## Problem statement
Retype the records in full, and please keep the pictures out of the copy.

## Material shown

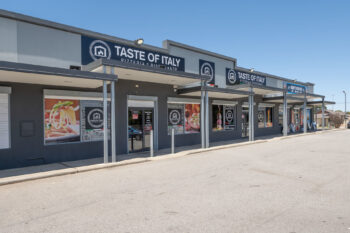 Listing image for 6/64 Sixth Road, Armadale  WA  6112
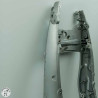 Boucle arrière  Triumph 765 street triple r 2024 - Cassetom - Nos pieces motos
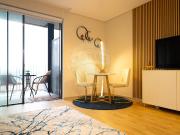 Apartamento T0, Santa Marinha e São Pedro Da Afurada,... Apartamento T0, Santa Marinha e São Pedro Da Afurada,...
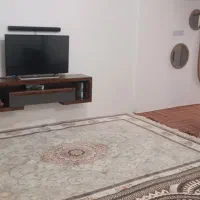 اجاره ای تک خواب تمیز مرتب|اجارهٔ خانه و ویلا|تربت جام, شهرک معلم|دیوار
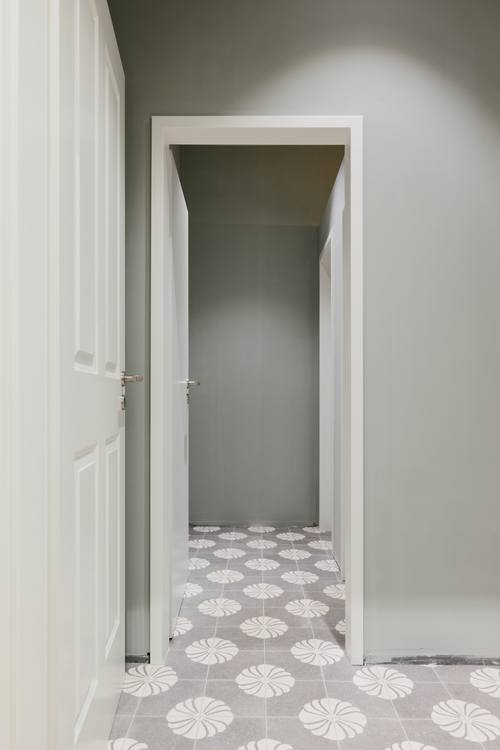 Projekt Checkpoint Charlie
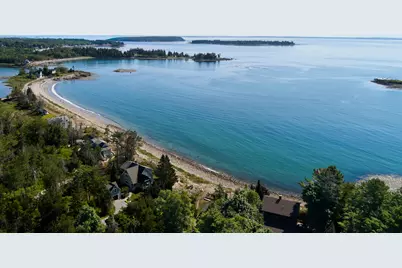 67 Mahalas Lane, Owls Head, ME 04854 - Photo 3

## Expected answer
 Listing image for 6/64 Sixth Road, Armadale  WA  6112
 Boucle arrière  Triumph 765 street triple r 2024 - Cassetom - Nos pieces motos
 Apartamento T0, Santa Marinha e São Pedro Da Afurada,... Apartamento T0, Santa Marinha e São Pedro Da Afurada,...
 اجاره ای تک خواب تمیز مرتب|اجارهٔ خانه و ویلا|تربت جام, شهرک معلم|دیوار
 Projekt Checkpoint Charlie
 67 Mahalas Lane, Owls Head, ME 04854 - Photo 3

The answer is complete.